Your goal:
Below are the records. Retype exactly the lines between the lines holding "BMW Serie 6" and "10.10. 2021 - 4.", inclusive.

Task inputs:
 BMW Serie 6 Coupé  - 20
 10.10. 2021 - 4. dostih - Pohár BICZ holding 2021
---
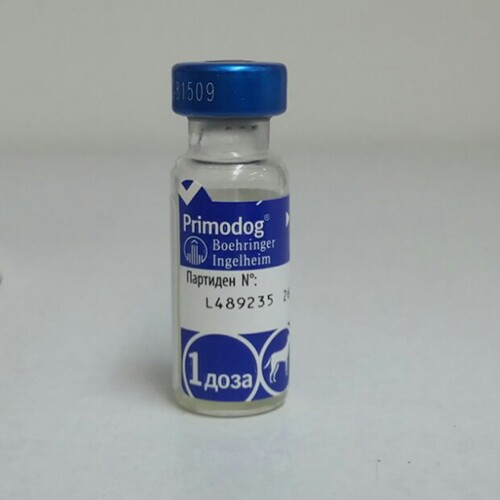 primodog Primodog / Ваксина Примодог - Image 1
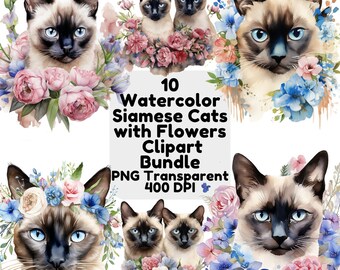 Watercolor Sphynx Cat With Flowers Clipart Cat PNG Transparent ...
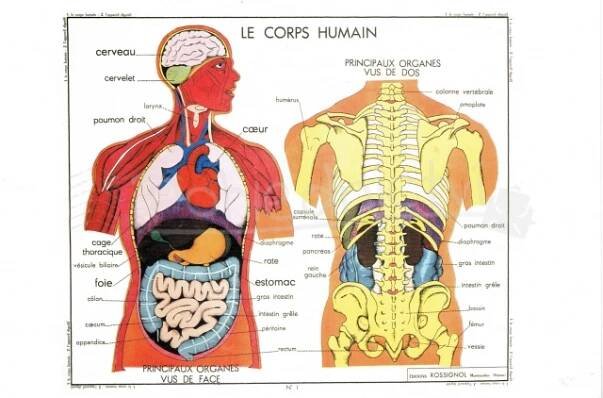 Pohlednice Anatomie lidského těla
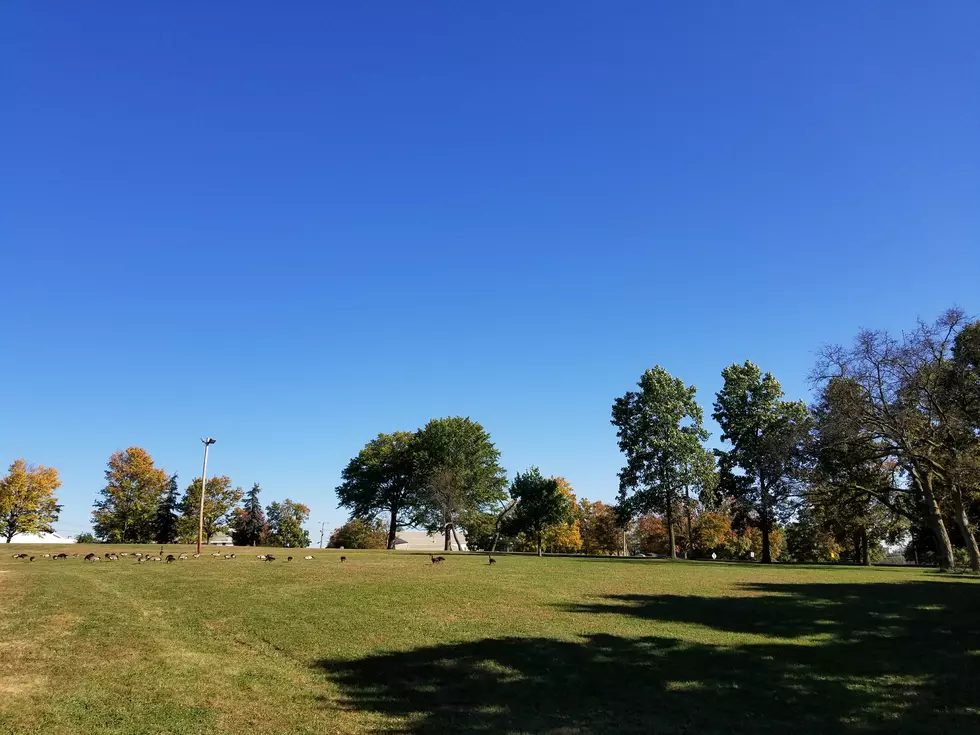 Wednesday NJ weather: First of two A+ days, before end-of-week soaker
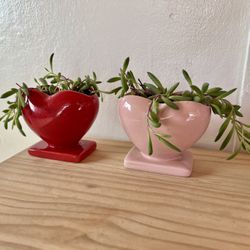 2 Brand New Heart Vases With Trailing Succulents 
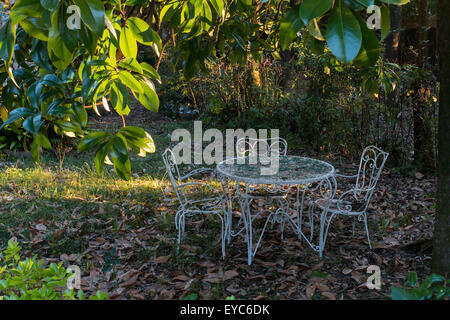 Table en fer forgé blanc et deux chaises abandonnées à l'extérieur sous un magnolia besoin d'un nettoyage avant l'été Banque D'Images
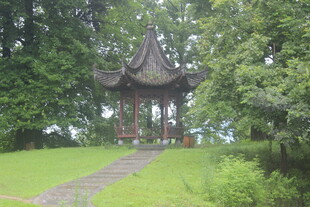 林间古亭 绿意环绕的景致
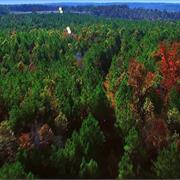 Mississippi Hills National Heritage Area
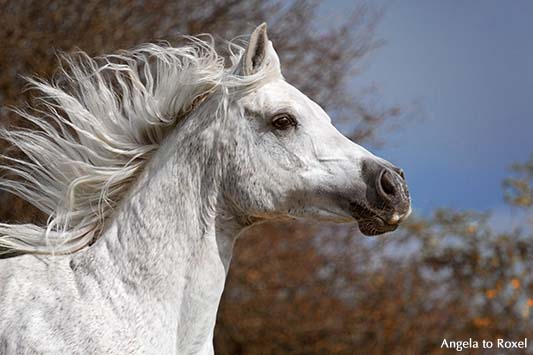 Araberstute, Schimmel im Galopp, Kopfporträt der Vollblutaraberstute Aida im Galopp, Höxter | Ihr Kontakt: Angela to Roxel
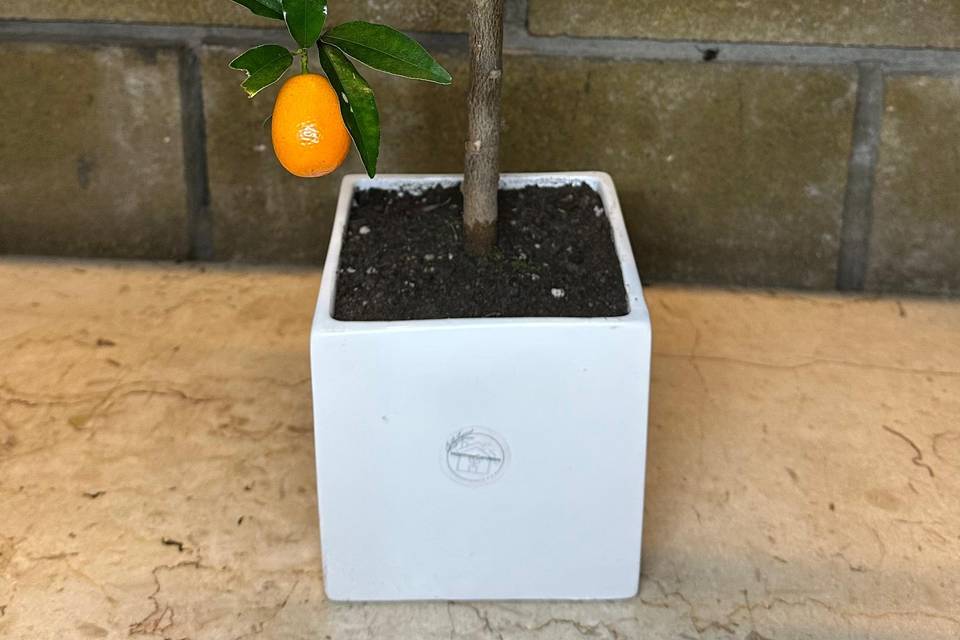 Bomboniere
---
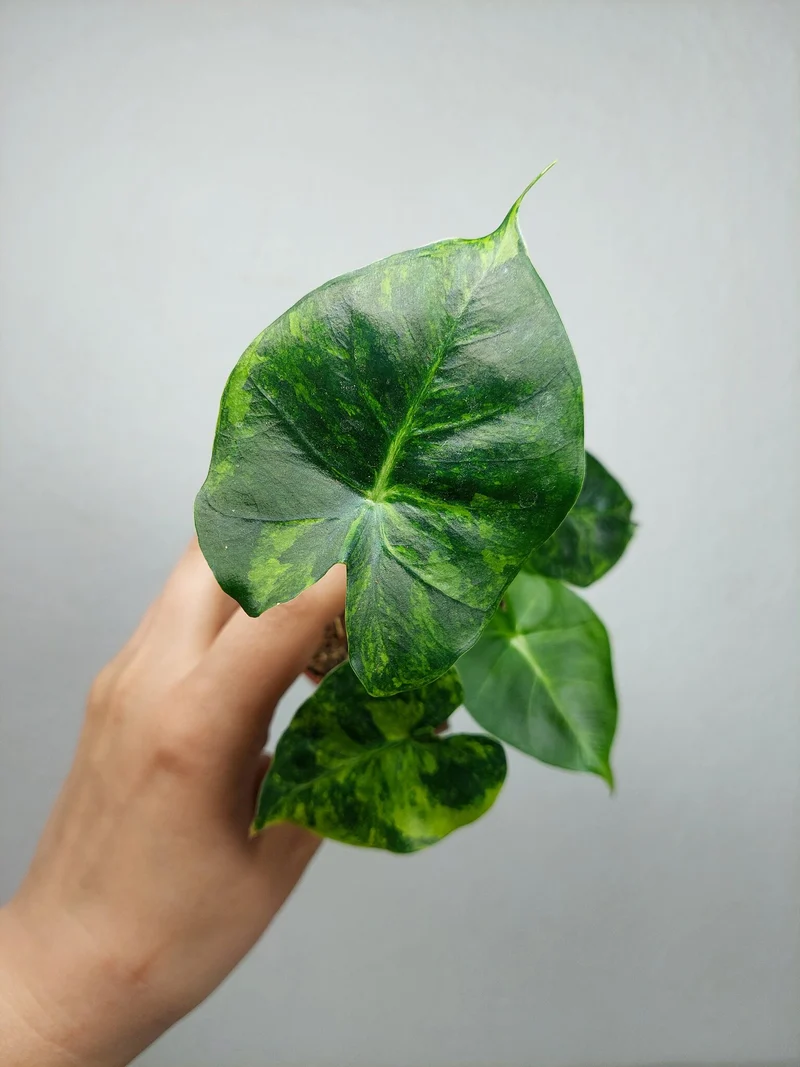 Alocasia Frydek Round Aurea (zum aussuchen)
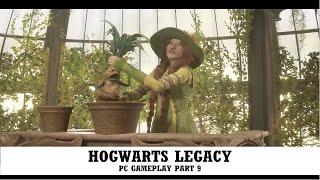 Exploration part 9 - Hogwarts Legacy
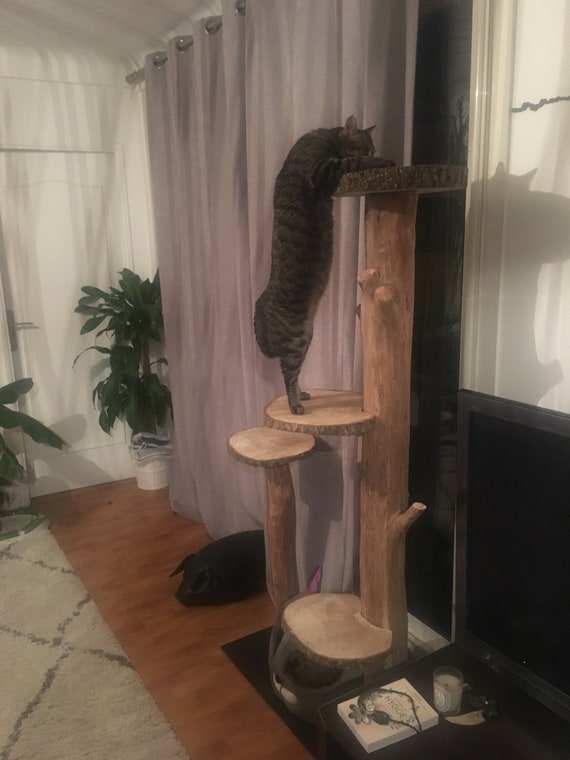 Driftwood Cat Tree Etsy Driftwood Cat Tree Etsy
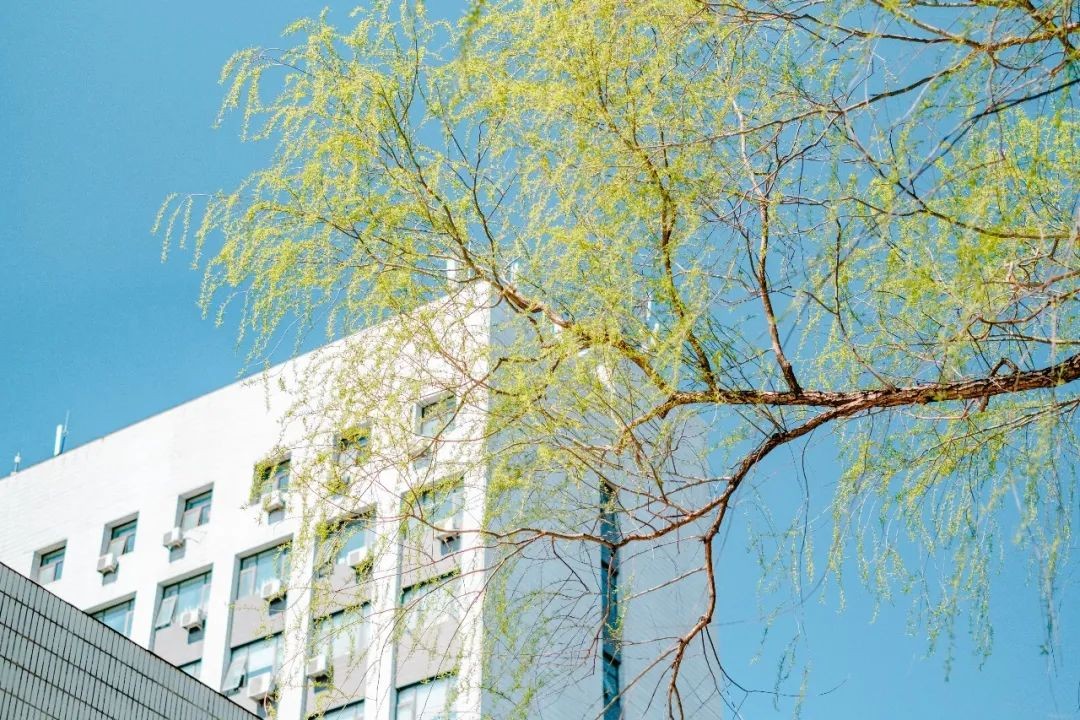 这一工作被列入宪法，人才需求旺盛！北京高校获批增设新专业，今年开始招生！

Task response:
 BMW Serie 6 Coupé  - 20
 10.10. 2021 - 4. dostih - Pohár BICZ holding 2021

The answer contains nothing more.